How to complete this task:
With the images removed, write out every line below exactly.

Provided data:
'''
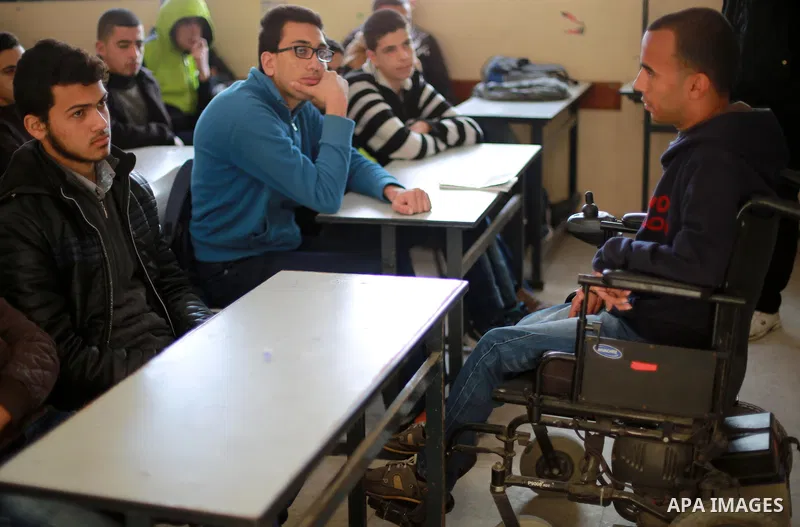 Disabled Palestinian, Mohammed abu Kmail, visits the schools, in Gaza city, on March 16, 2017, during an Initiative of the Disabled Union to introduce the disabled and how society deals with people with special needs. Ph...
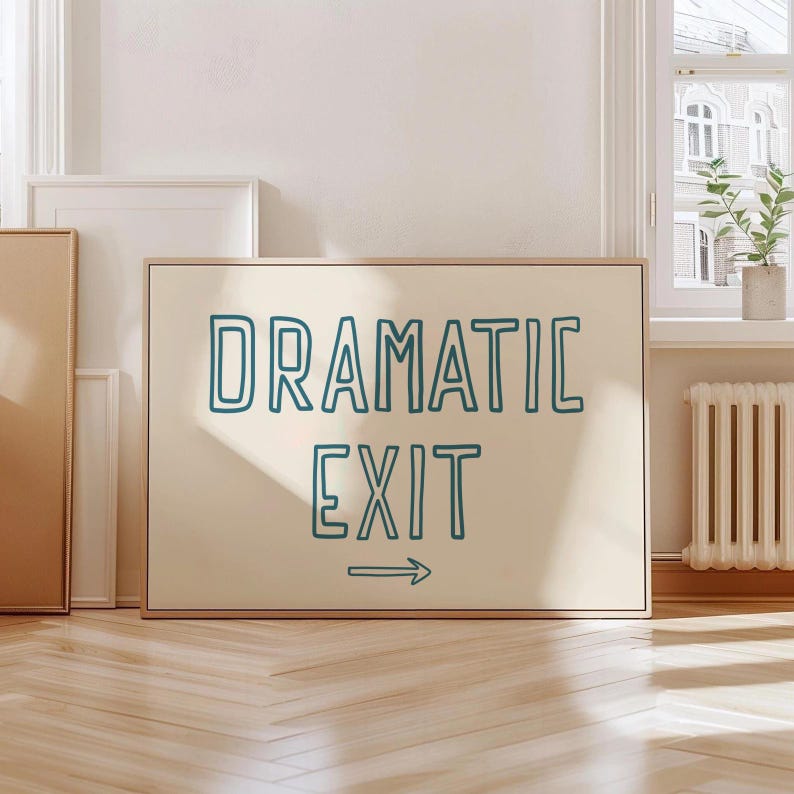 May include: A beige framed sign with the text "DRAMATIC EXIT" in teal blue outlined letters with an arrow pointing to the right.
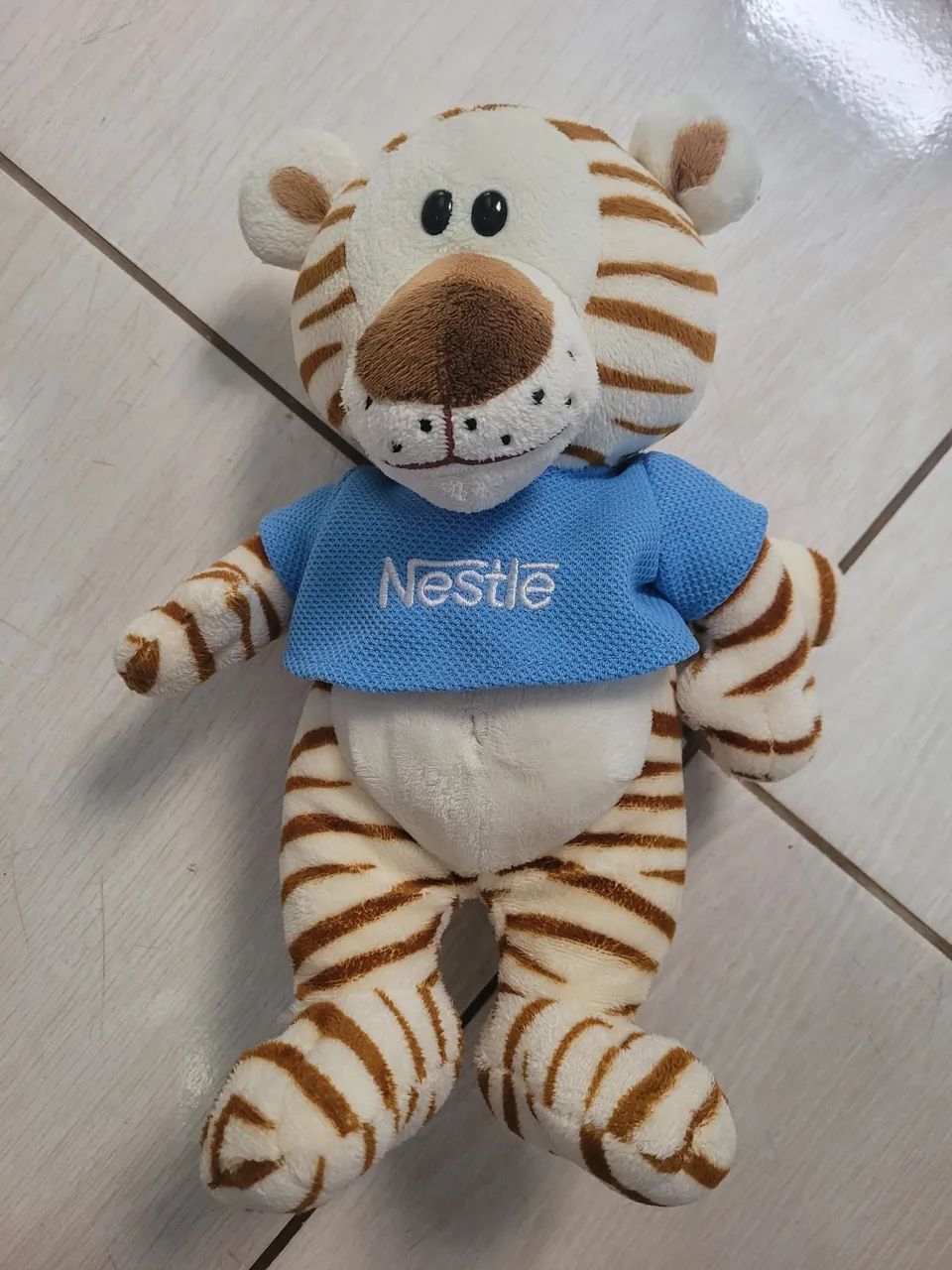 Pelúcia nestle 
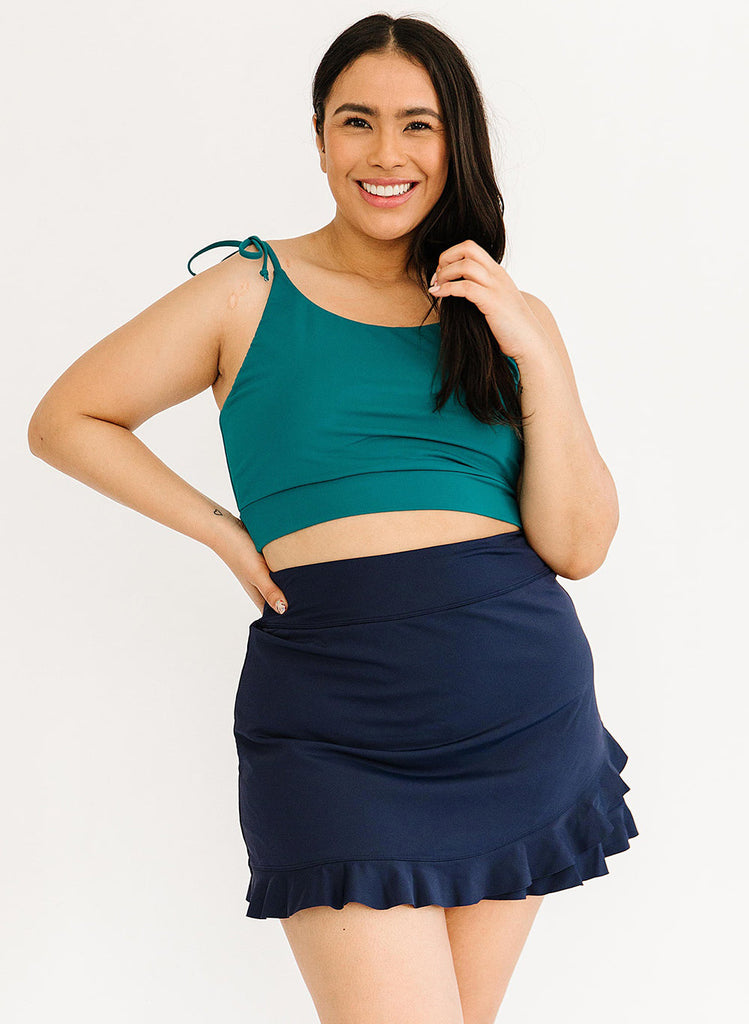 Photo of a woman wearing a blue cropped swim top with a blue swim skirt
'''
Reply:
 Disabled Palestinian, Mohammed abu Kmail, visits the schools, in Gaza city, on March 16, 2017, during an Initiative of the Disabled Union to introduce the disabled and how society deals with people with special needs. Ph...
 May include: A beige framed sign with the text "DRAMATIC EXIT" in teal blue outlined letters with an arrow pointing to the right.
 Pelúcia nestle 
 Photo of a woman wearing a blue cropped swim top with a blue swim skirt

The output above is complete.